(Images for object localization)
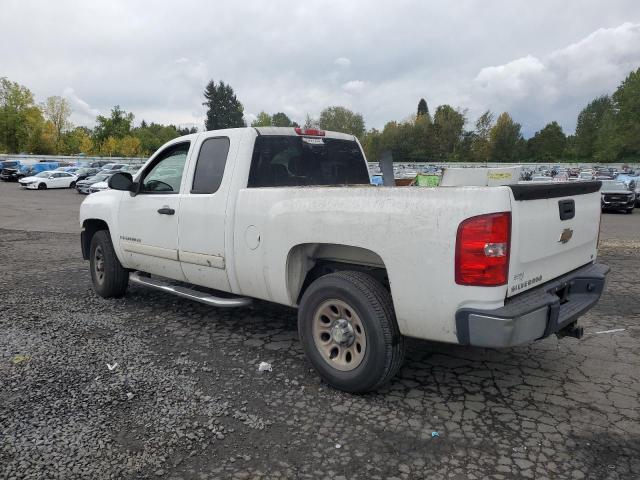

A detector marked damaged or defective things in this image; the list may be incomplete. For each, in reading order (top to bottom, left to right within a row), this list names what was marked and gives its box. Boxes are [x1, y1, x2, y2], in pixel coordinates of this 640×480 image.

cracked asphalt [0, 182, 636, 478]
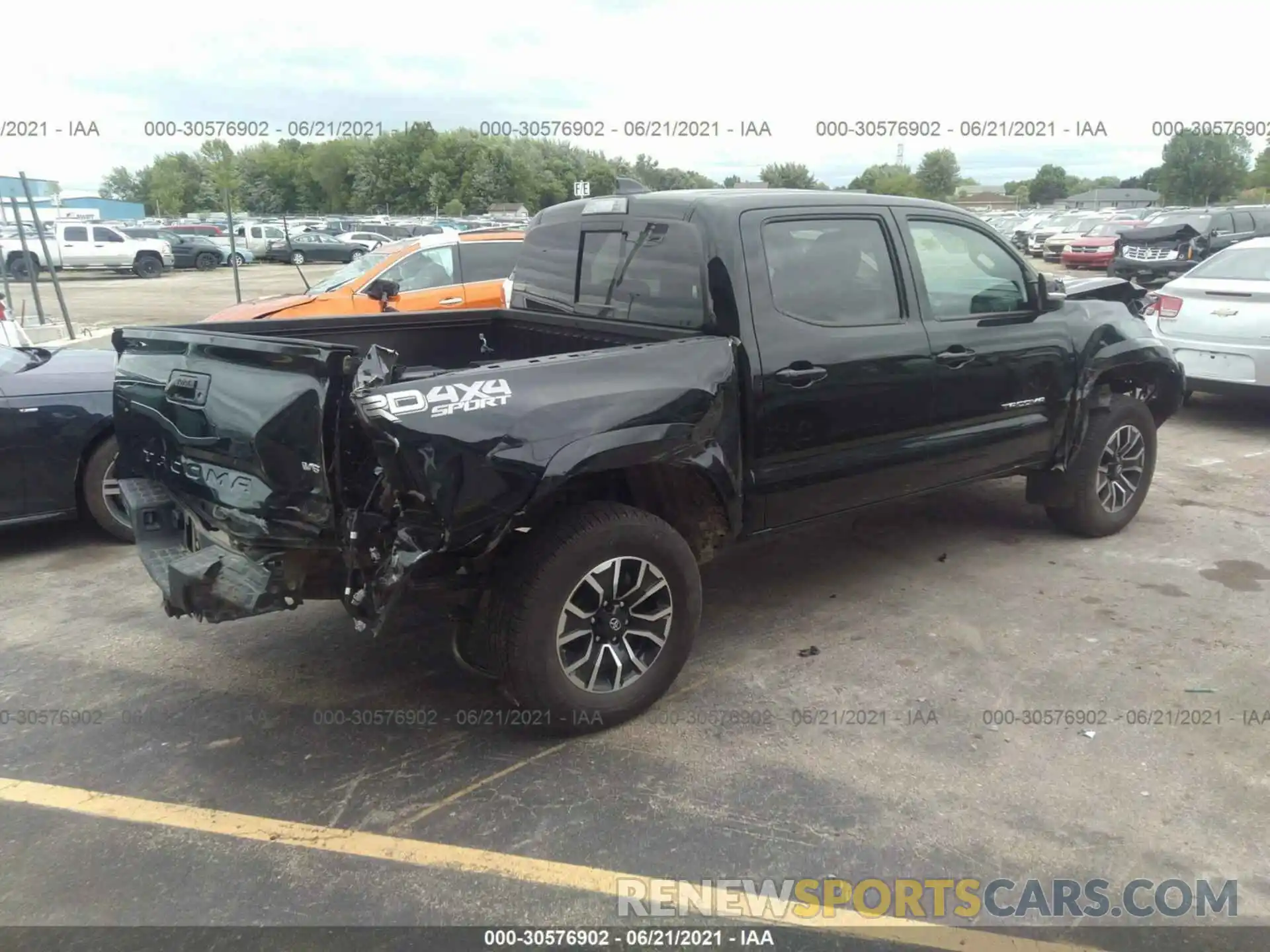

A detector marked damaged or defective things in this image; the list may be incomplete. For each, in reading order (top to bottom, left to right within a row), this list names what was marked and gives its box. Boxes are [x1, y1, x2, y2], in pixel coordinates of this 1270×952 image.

damaged rear quarter panel [353, 340, 741, 555]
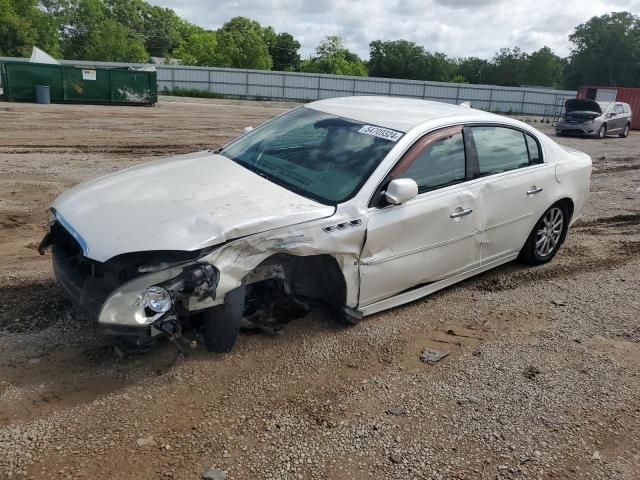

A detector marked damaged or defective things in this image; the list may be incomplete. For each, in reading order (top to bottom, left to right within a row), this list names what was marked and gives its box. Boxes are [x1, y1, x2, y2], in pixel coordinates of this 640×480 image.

crumpled hood [51, 151, 336, 260]
damaged white sedan [37, 96, 592, 352]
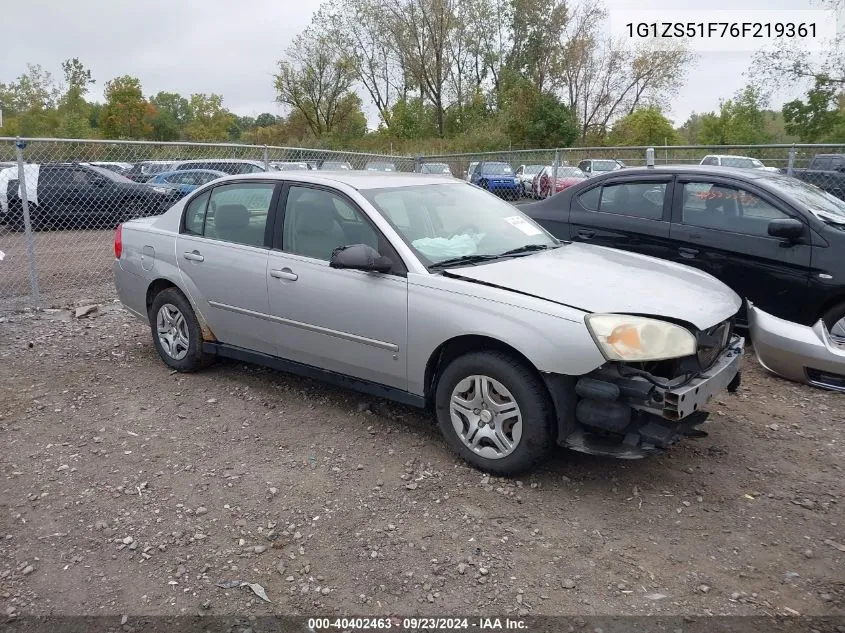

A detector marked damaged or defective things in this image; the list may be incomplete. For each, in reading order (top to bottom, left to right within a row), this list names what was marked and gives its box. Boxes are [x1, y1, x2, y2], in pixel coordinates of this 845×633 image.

front end damage [544, 334, 740, 456]
exposed bumper support [748, 302, 844, 390]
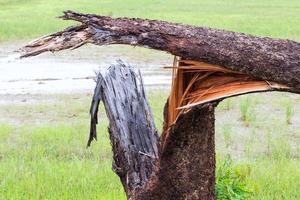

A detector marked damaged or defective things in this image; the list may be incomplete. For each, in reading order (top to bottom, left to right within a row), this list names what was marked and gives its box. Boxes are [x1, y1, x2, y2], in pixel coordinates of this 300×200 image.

splintered wood [166, 56, 288, 126]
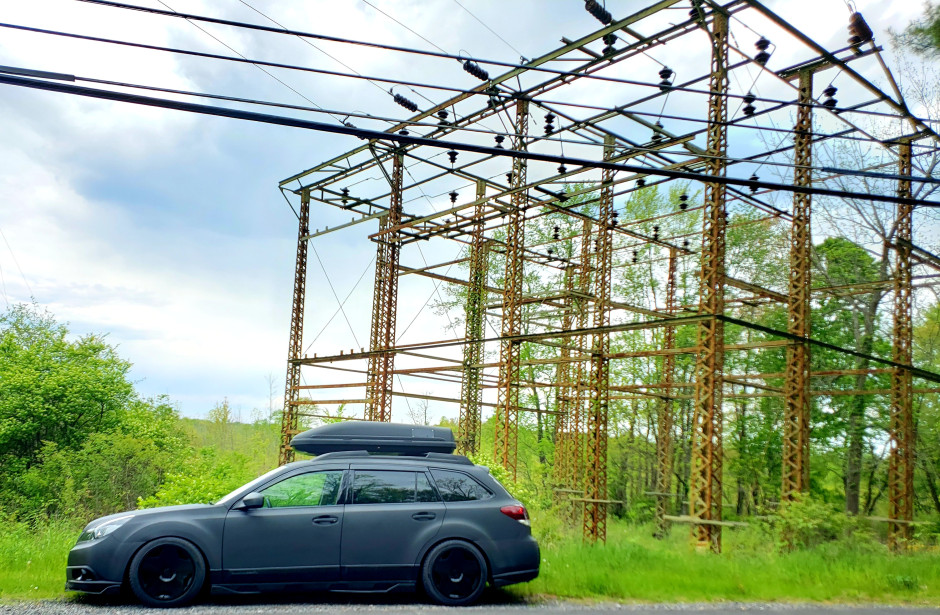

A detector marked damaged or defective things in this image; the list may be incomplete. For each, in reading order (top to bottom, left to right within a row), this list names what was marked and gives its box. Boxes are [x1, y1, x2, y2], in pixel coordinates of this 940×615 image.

rusted steel transmission tower [688, 9, 732, 552]
rusted steel transmission tower [784, 70, 812, 500]
rusted steel transmission tower [892, 142, 916, 552]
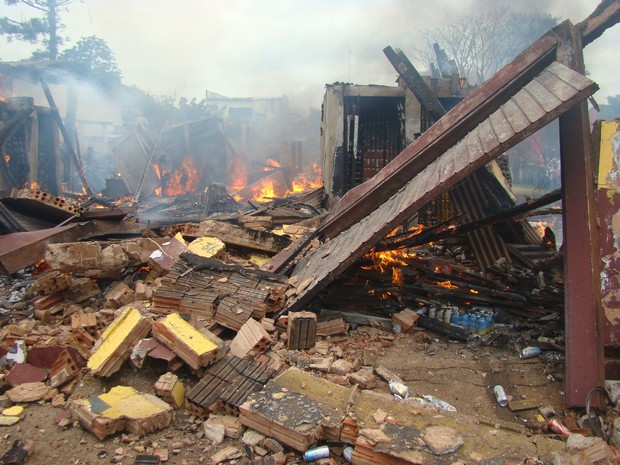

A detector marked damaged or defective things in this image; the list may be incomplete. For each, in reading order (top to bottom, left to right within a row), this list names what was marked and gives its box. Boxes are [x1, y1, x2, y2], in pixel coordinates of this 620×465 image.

rusted metal sheet [318, 34, 560, 237]
rusted metal sheet [284, 60, 596, 312]
rusted metal sheet [556, 21, 604, 406]
rusted metal sheet [592, 118, 620, 352]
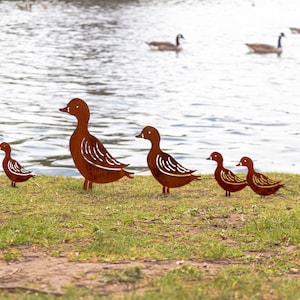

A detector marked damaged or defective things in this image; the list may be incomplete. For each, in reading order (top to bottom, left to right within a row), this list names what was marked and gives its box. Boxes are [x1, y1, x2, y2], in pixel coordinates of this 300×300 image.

rusty metal duck [0, 142, 34, 186]
rusty metal duck [59, 98, 132, 190]
rusty metal duck [136, 125, 199, 193]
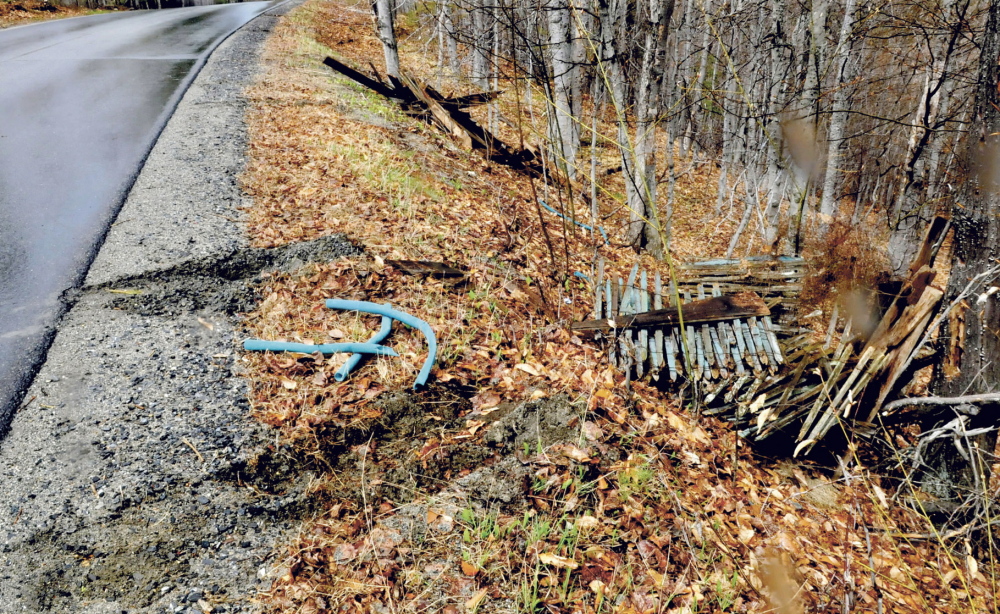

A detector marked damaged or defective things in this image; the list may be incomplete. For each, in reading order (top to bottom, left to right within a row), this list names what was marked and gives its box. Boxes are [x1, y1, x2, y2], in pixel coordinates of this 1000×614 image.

broken wooden plank [572, 292, 764, 332]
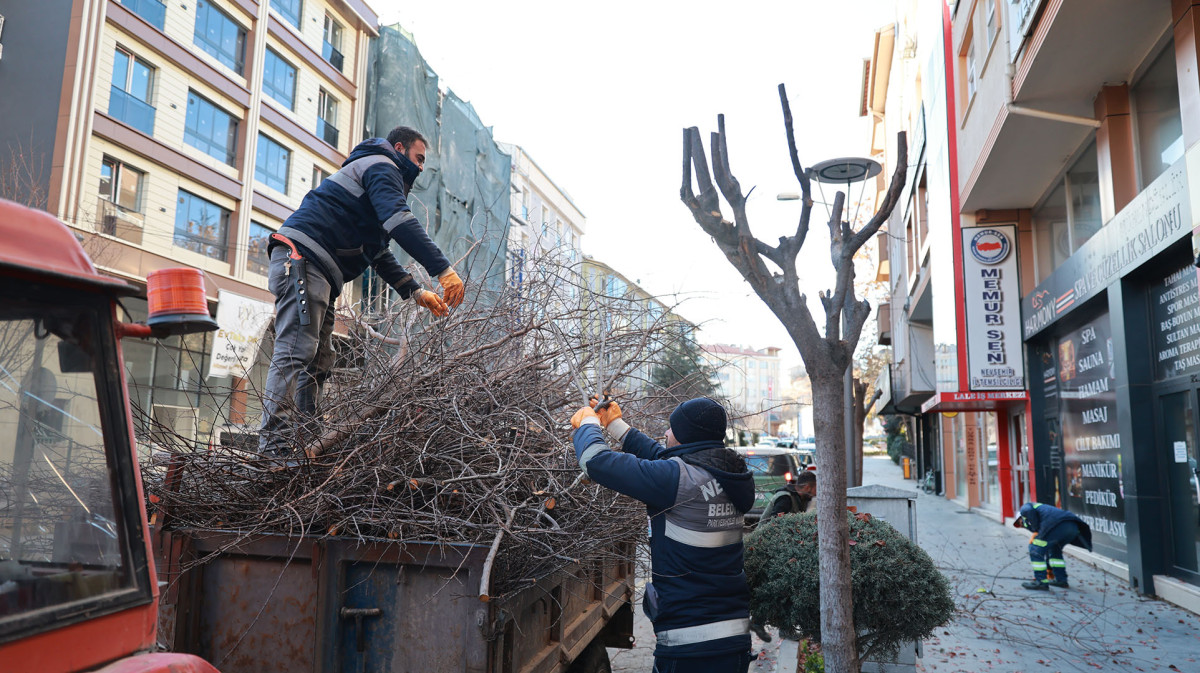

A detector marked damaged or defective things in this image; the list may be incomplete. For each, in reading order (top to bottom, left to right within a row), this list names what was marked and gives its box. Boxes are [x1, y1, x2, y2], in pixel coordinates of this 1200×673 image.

Work task
Every line from the one with "this 300×200 image." through the end of the records above belongs in the answer, copied exactly; no picture does.

Response for this exercise
A detector marked damaged or defective things in this image; the list may be incomplete. For each, in reading order (top to bottom, left to right within a row), this list names what was marked and gives its box. Boxes are [x1, y1, x2, y2], in pixel coordinates of this 300×200 image.

splintered wood [166, 56, 288, 126]

A detector marked damaged or defective things in this image; the list may be incomplete. For each, in reading order (top to bottom, left to right within a row), this list names what was marked and gives its box. Boxes are [x1, y1, x2, y2], in pixel coordinates of this 940×615 image.

rusted steel transmission tower [688, 9, 732, 552]
rusted steel transmission tower [784, 70, 812, 500]
rusted steel transmission tower [892, 142, 916, 552]

A detector marked damaged or defective things in this image; the list may be incomplete. For each, in reading order (top to bottom, left to right within a row), this list names what was marked and gives its box. Boxes are [x1, y1, x2, y2], in pixel coordinates of this 620×465 image.

rusted metal sheet [318, 34, 560, 237]
rusted metal sheet [284, 60, 596, 312]
rusted metal sheet [556, 21, 604, 406]
rusted metal sheet [592, 118, 620, 352]

A detector marked damaged or defective things in this image; the list may be incomplete. For each, in reading order (top to bottom, left to right within a row), this list names what was marked and gives its box. Boxes are [x1, y1, x2, y2], in pixel coordinates of this 300×300 image.

rusty metal duck [0, 142, 34, 186]
rusty metal duck [59, 98, 132, 190]
rusty metal duck [136, 125, 199, 193]

A detector marked damaged or defective things in this image; the list may be incomplete. For each, in reading order (top to bottom, left to right within a row), this list names what was marked and gives its box. Boxes are [x1, y1, x2, y2], in pixel coordinates of this 1000×614 image.

broken wooden plank [572, 292, 764, 332]

A detector marked damaged or defective things in this image; the list may be incomplete. For each, in reading order (top to bottom, left to right within a row), this list names what was marked and gives its box. Boxes are [x1, y1, x2, y2], in pixel coordinates of this 1200×673 image.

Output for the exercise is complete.